*** Opening RECORDS TO PROCESS ***

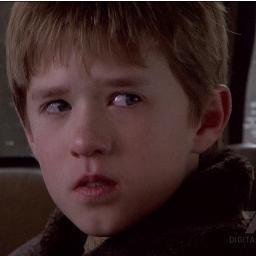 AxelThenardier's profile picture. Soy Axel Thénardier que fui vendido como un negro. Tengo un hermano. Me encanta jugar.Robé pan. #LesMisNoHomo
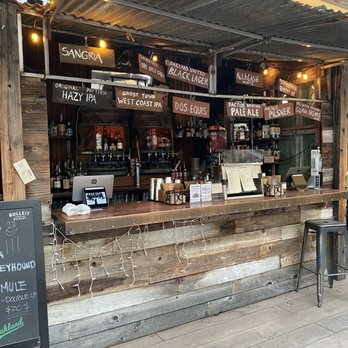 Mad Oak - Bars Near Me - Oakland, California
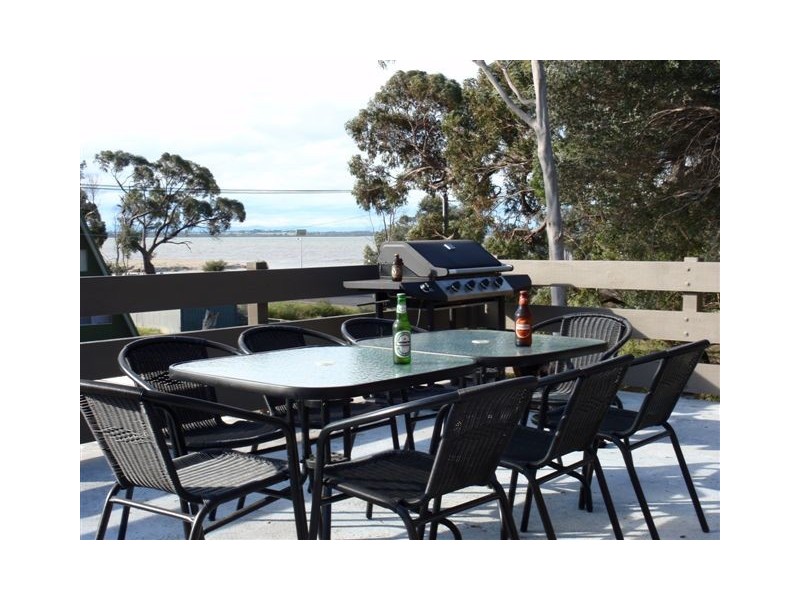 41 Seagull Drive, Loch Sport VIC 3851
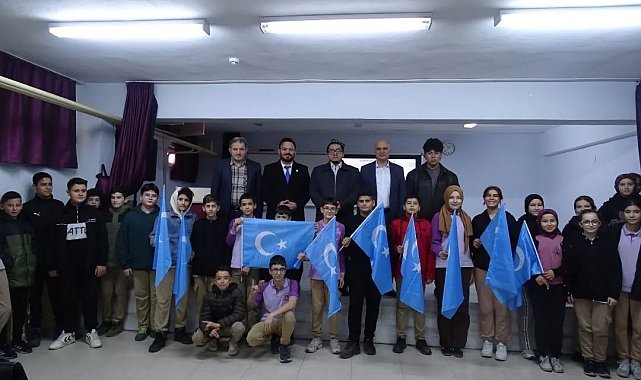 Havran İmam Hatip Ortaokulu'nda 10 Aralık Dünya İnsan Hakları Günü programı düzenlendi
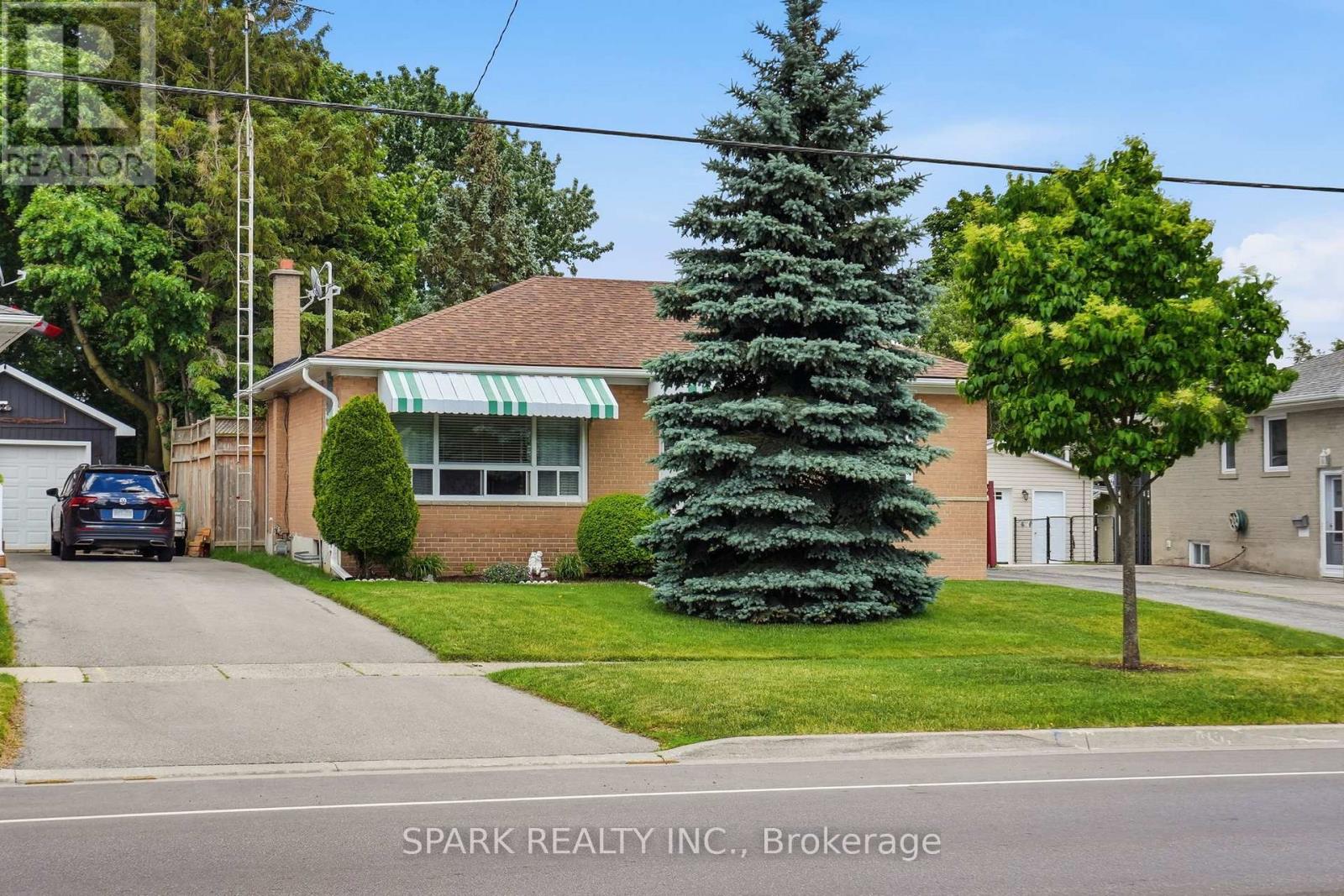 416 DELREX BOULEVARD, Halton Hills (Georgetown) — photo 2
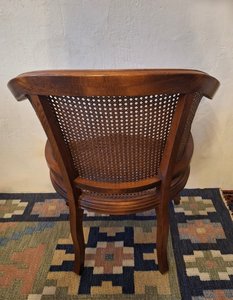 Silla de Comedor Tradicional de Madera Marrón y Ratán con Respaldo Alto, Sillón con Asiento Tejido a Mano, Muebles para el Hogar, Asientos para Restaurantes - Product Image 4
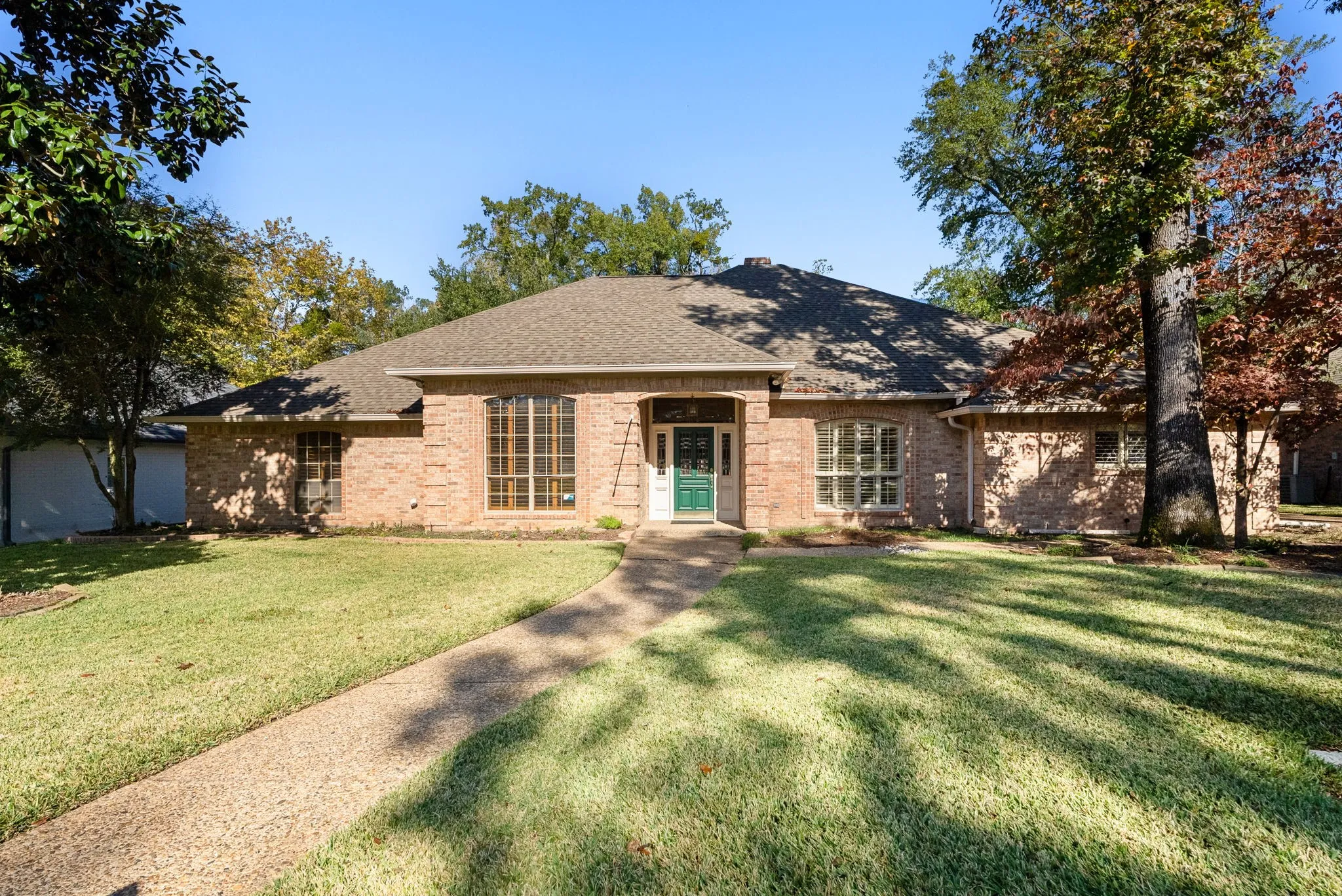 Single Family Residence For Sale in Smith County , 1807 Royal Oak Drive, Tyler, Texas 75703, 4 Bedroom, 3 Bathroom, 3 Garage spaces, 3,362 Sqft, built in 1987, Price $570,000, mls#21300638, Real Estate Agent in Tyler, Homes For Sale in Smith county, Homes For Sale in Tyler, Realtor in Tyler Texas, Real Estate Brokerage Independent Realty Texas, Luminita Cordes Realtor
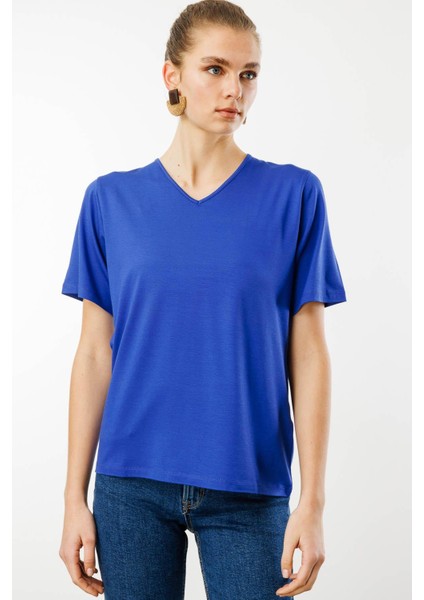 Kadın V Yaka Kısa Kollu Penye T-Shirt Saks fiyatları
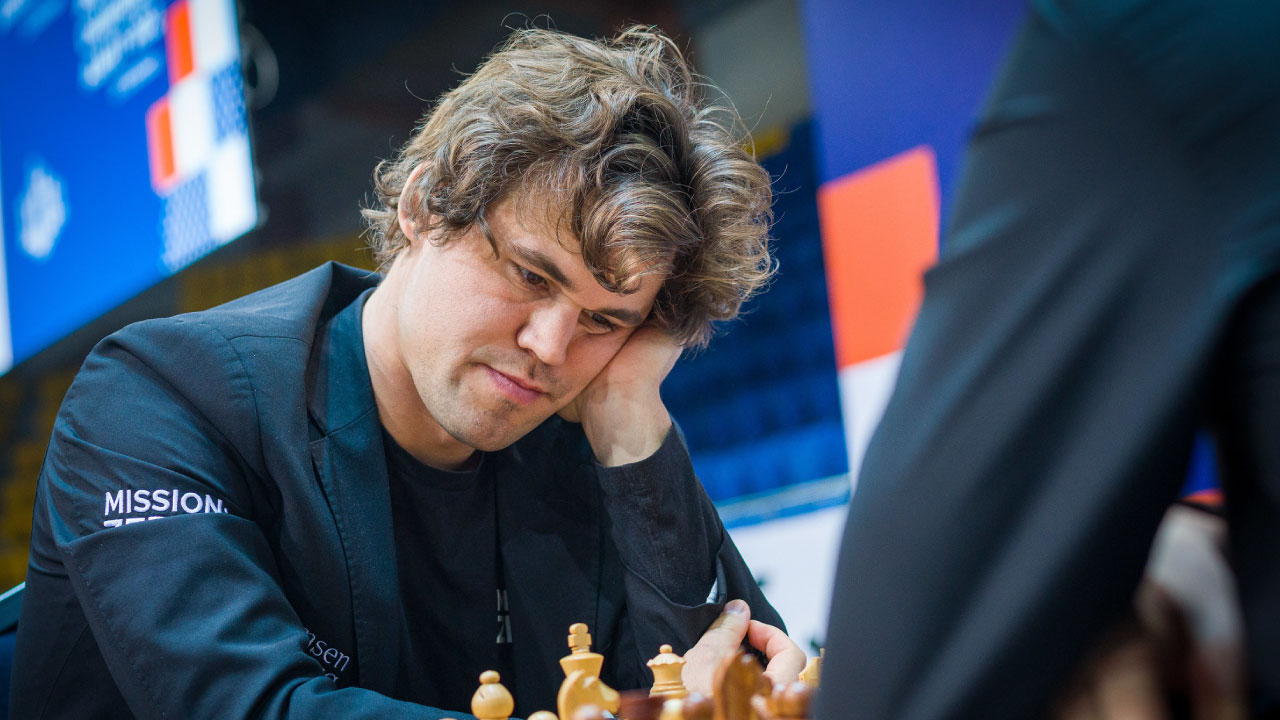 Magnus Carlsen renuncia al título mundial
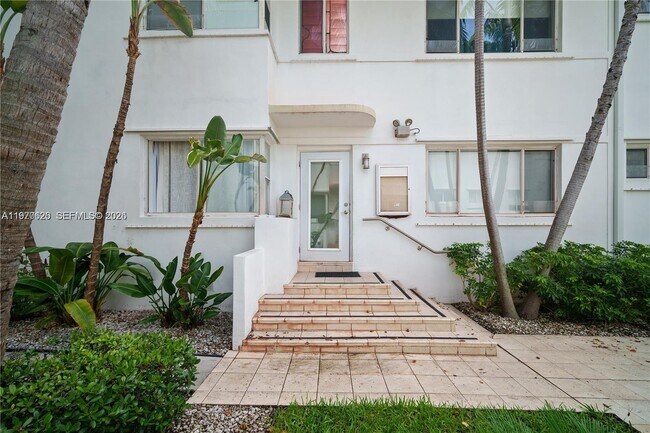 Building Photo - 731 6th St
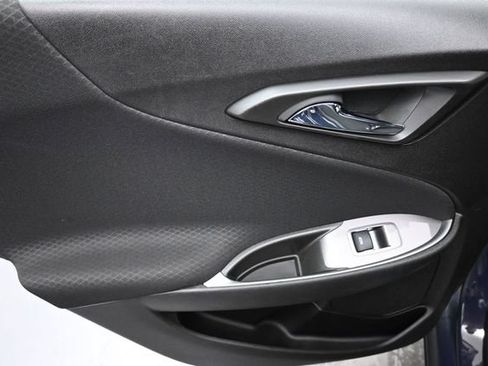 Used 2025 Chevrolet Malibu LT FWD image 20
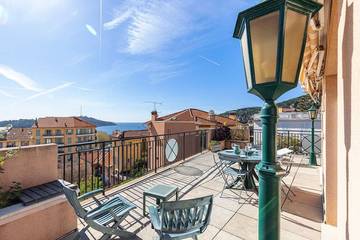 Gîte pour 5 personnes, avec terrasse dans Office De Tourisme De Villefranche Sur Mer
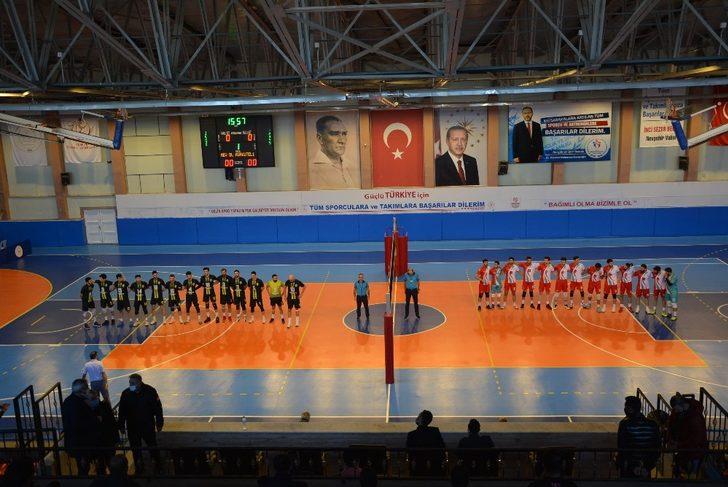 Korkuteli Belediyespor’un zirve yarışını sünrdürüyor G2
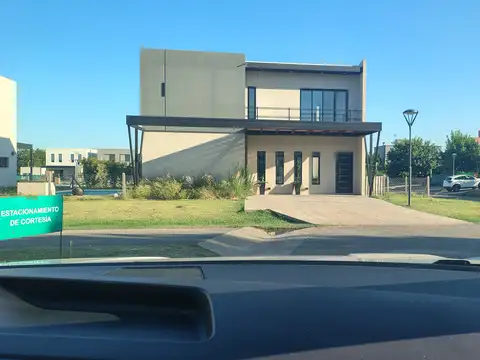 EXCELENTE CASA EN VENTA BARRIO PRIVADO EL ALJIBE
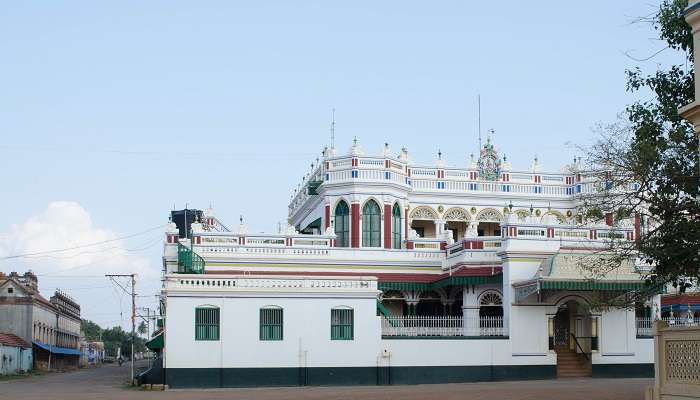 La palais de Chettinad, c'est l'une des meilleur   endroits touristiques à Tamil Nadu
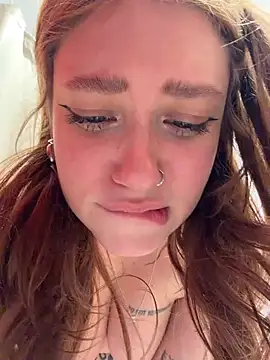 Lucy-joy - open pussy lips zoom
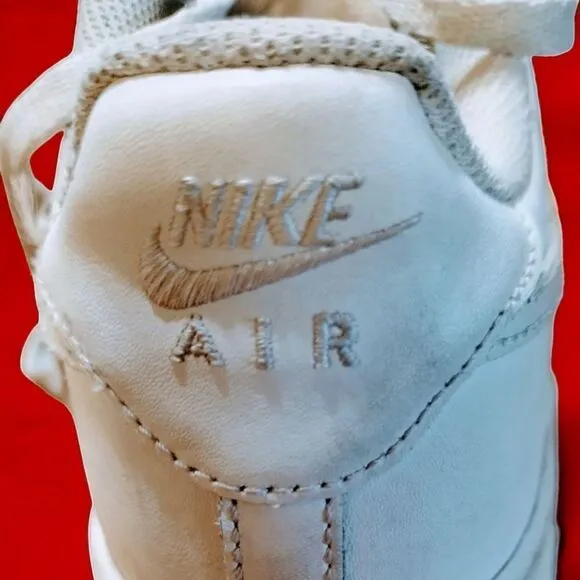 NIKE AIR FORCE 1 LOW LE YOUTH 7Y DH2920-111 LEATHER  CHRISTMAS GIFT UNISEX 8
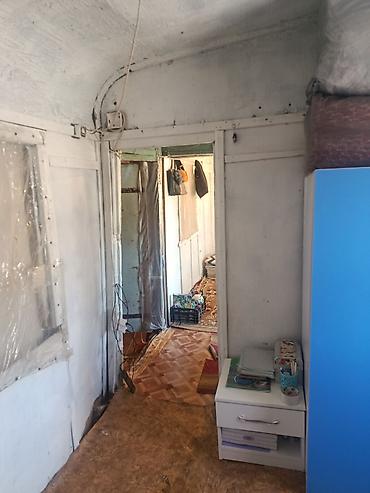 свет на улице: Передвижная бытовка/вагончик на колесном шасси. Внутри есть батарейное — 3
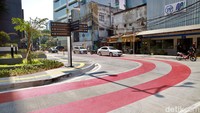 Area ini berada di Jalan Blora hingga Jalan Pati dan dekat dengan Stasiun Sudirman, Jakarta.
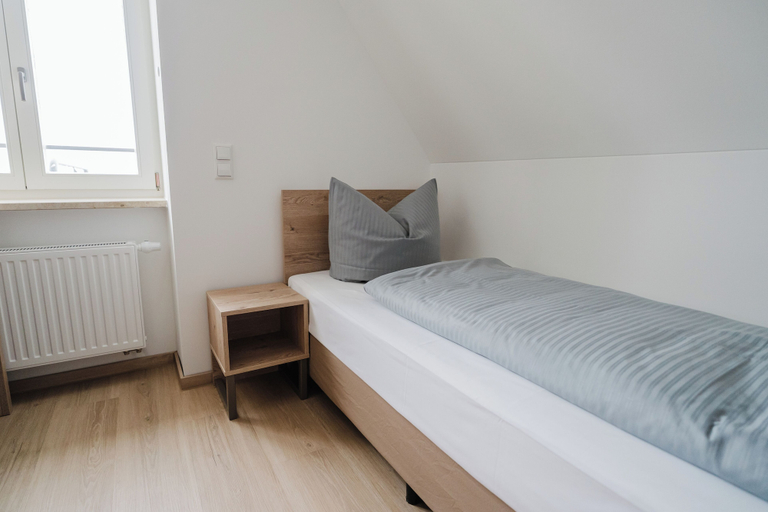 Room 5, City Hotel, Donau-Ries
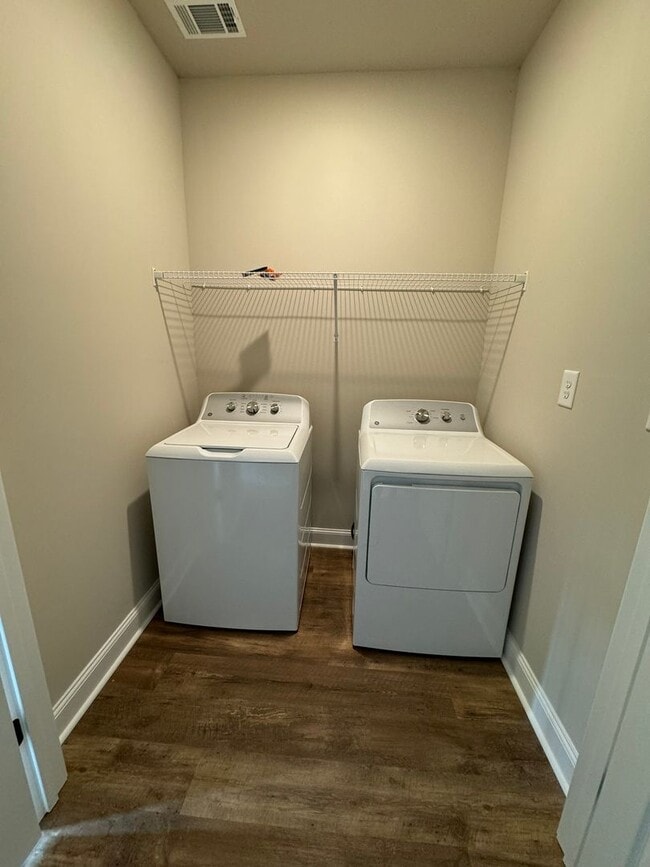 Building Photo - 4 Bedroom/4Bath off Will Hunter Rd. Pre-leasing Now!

*** Closing RECORDS TO PROCESS ***

▸ ACTIVITY: Reproduce each line of the records above, exactly and without pictures.

▸ SOLUTION TO THIS PROBLEM:
 AxelThenardier's profile picture. Soy Axel Thénardier que fui vendido como un negro. Tengo un hermano. Me encanta jugar.Robé pan. #LesMisNoHomo
 Mad Oak - Bars Near Me - Oakland, California
 41 Seagull Drive, Loch Sport VIC 3851
 Havran İmam Hatip Ortaokulu'nda 10 Aralık Dünya İnsan Hakları Günü programı düzenlendi
 416 DELREX BOULEVARD, Halton Hills (Georgetown) — photo 2
 Silla de Comedor Tradicional de Madera Marrón y Ratán con Respaldo Alto, Sillón con Asiento Tejido a Mano, Muebles para el Hogar, Asientos para Restaurantes - Product Image 4
 Single Family Residence For Sale in Smith County , 1807 Royal Oak Drive, Tyler, Texas 75703, 4 Bedroom, 3 Bathroom, 3 Garage spaces, 3,362 Sqft, built in 1987, Price $570,000, mls#21300638, Real Estate Agent in Tyler, Homes For Sale in Smith county, Homes For Sale in Tyler, Realtor in Tyler Texas, Real Estate Brokerage Independent Realty Texas, Luminita Cordes Realtor
 Kadın V Yaka Kısa Kollu Penye T-Shirt Saks fiyatları
 Magnus Carlsen renuncia al título mundial
 Building Photo - 731 6th St
 Used 2025 Chevrolet Malibu LT FWD image 20
 Gîte pour 5 personnes, avec terrasse dans Office De Tourisme De Villefranche Sur Mer
 Korkuteli Belediyespor’un zirve yarışını sünrdürüyor G2
 EXCELENTE CASA EN VENTA BARRIO PRIVADO EL ALJIBE
 La palais de Chettinad, c'est l'une des meilleur   endroits touristiques à Tamil Nadu
 Lucy-joy - open pussy lips zoom
 NIKE AIR FORCE 1 LOW LE YOUTH 7Y DH2920-111 LEATHER  CHRISTMAS GIFT UNISEX 8
 свет на улице: Передвижная бытовка/вагончик на колесном шасси. Внутри есть батарейное — 3
 Area ini berada di Jalan Blora hingga Jalan Pati dan dekat dengan Stasiun Sudirman, Jakarta.
 Room 5, City Hotel, Donau-Ries
 Building Photo - 4 Bedroom/4Bath off Will Hunter Rd. Pre-leasing Now!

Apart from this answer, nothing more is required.